What the task requires: Please write out exactly the line containing "Locandina di Chi lavora Ã¨ perduto (1963)" below and every line after it, through the last one, but leave out any pictures.

Data listing:
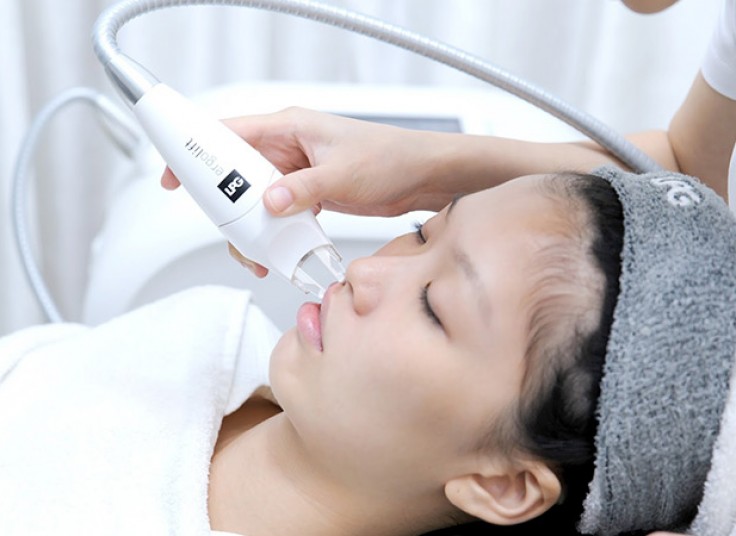 لاغری موضعی کلینیک سفیران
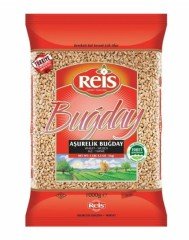 Reis Aşurelik Buğday 1 Kg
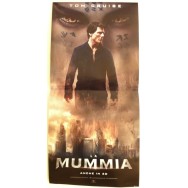 LA MUMMIA - LOCANDINA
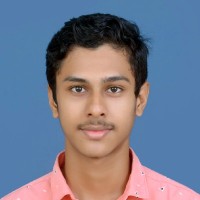 Pranav Satheesh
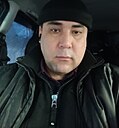 Знакомства: Шухрат, 41 год, Мурманск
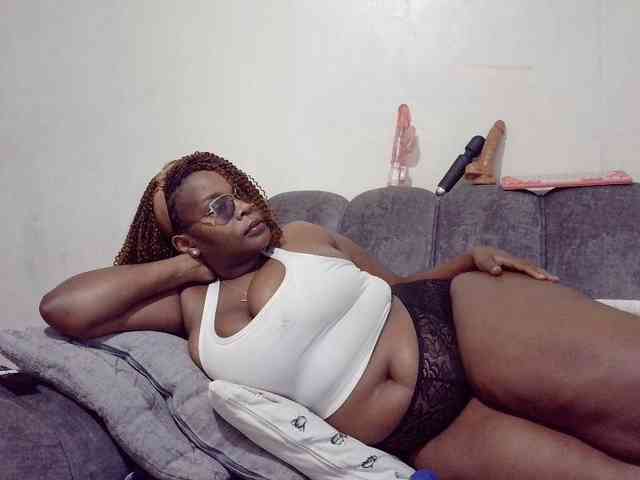 africangoddess webcam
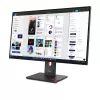 Monitor Lenovo ThinkVision T32UD-40 31,5 Zoll 4K Ultra HD LCD 3840 x 2160 Pixel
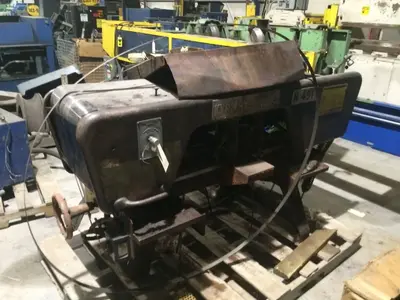 USED KYSOR JOHNSON KJ10
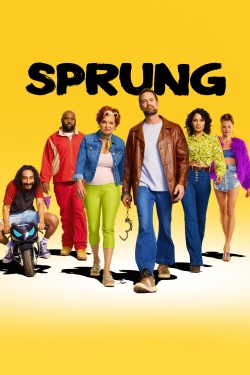 Watch Sprung free movies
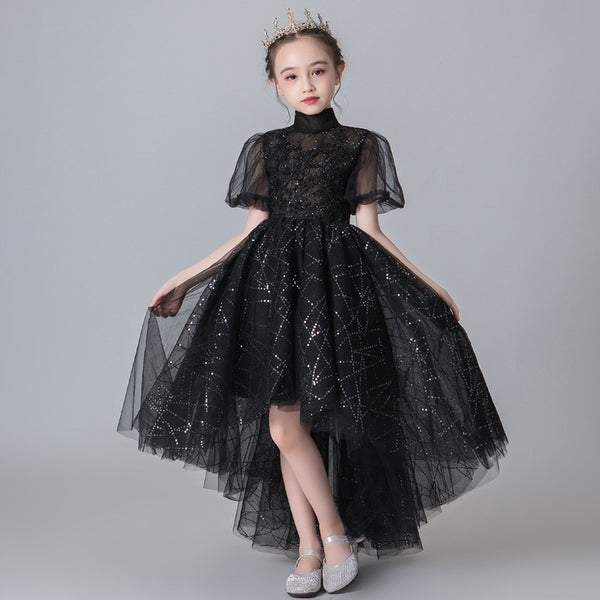 The Beatrice Dress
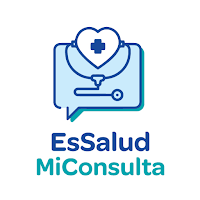 EsSalud Mi Consulta для Android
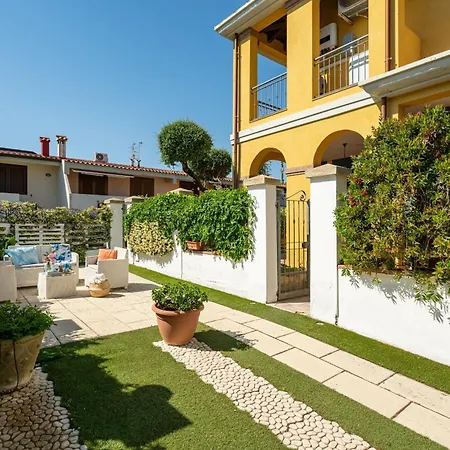 Holiday home Nettuno *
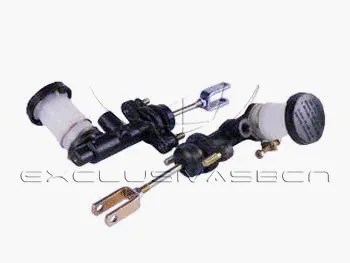 Master Cylinder, clutch (MCM-1997)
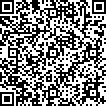 QR Kode der Firma ISATmaps, s.r.o.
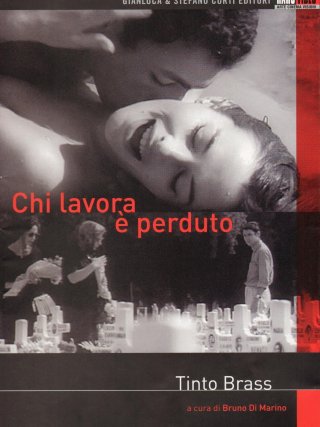 Locandina di Chi lavora Ã¨ perduto (1963)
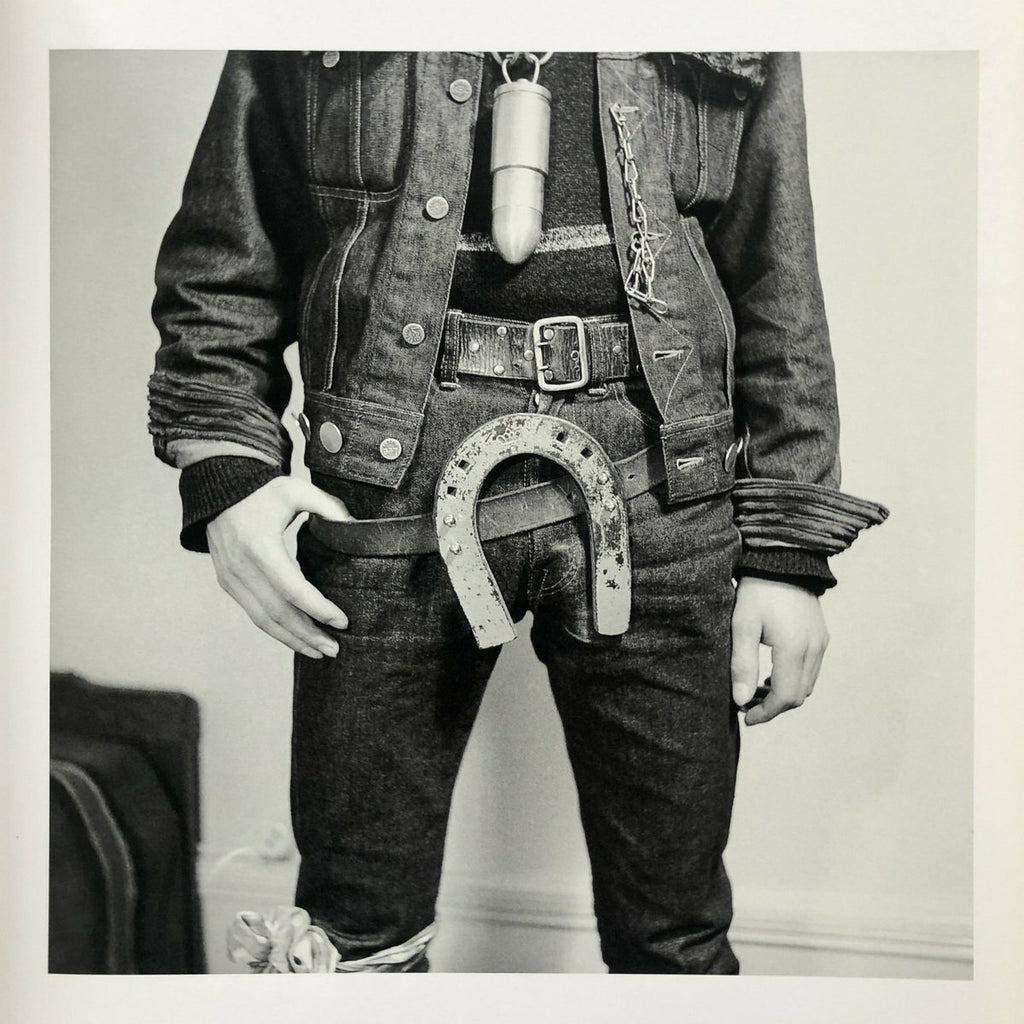 Karlheinz Weinberger Photos 1954-1995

Expected answer:
 Locandina di Chi lavora Ã¨ perduto (1963)
 Karlheinz Weinberger Photos 1954-1995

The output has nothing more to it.